Aim for an exact copy of the listing, without any images.
[[ Recorded data, beginning ]]
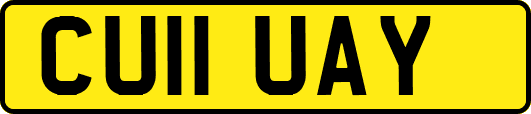 CU11UAY
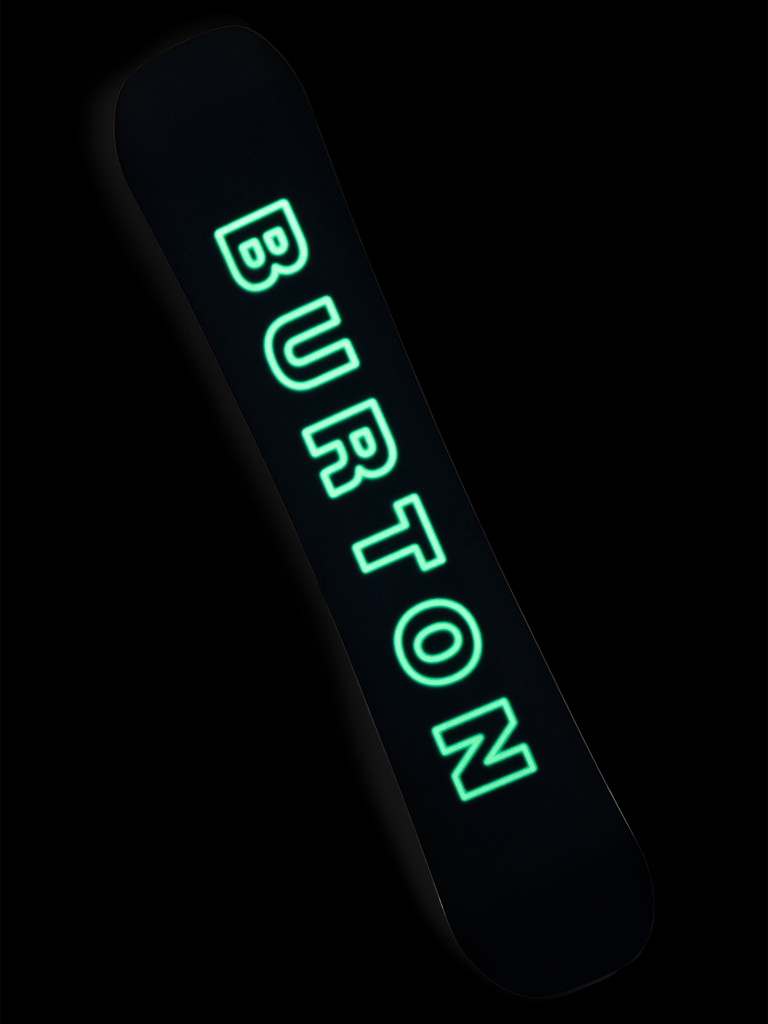 Сноуборд Burton Custom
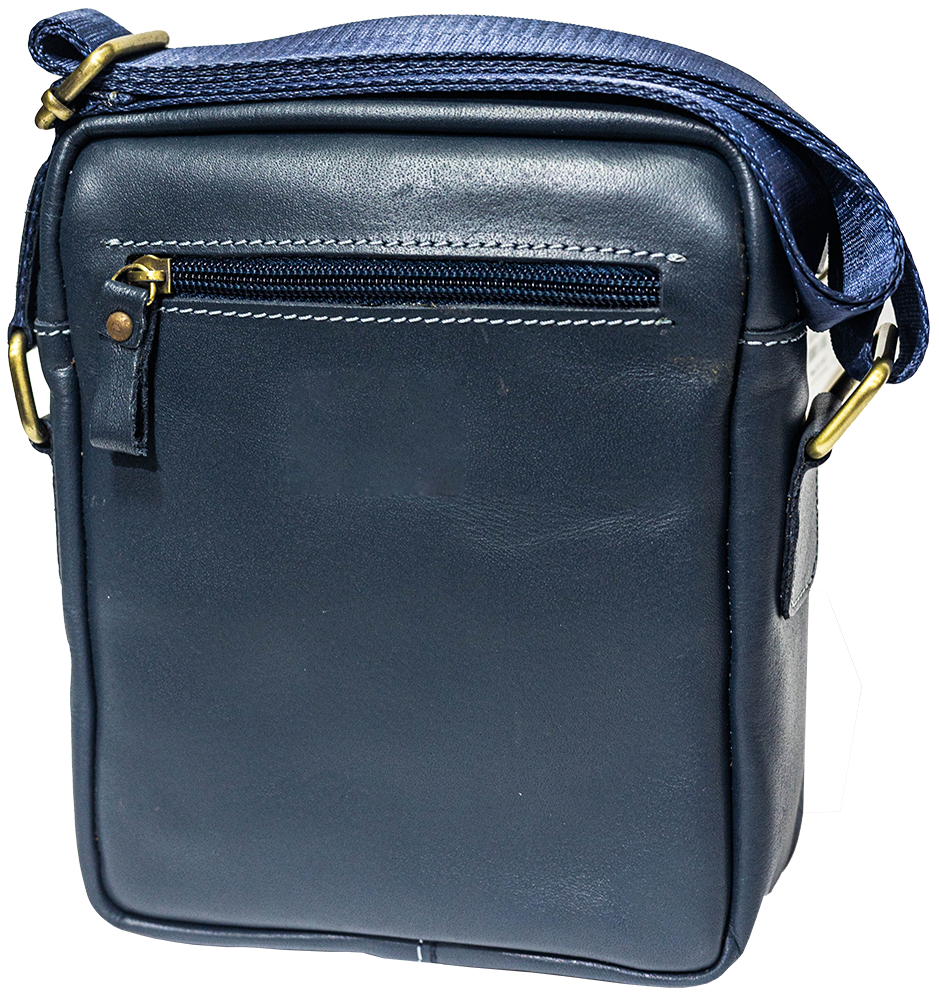 AM Group X Crossbody Bag, Embroidered Leather, with Shoulder Strap, Small, Multicolor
[[ Recorded data, end ]]
• Task response:
 CU11UAY
 Сноуборд Burton Custom
 AM Group X Crossbody Bag, Embroidered Leather, with Shoulder Strap, Small, Multicolor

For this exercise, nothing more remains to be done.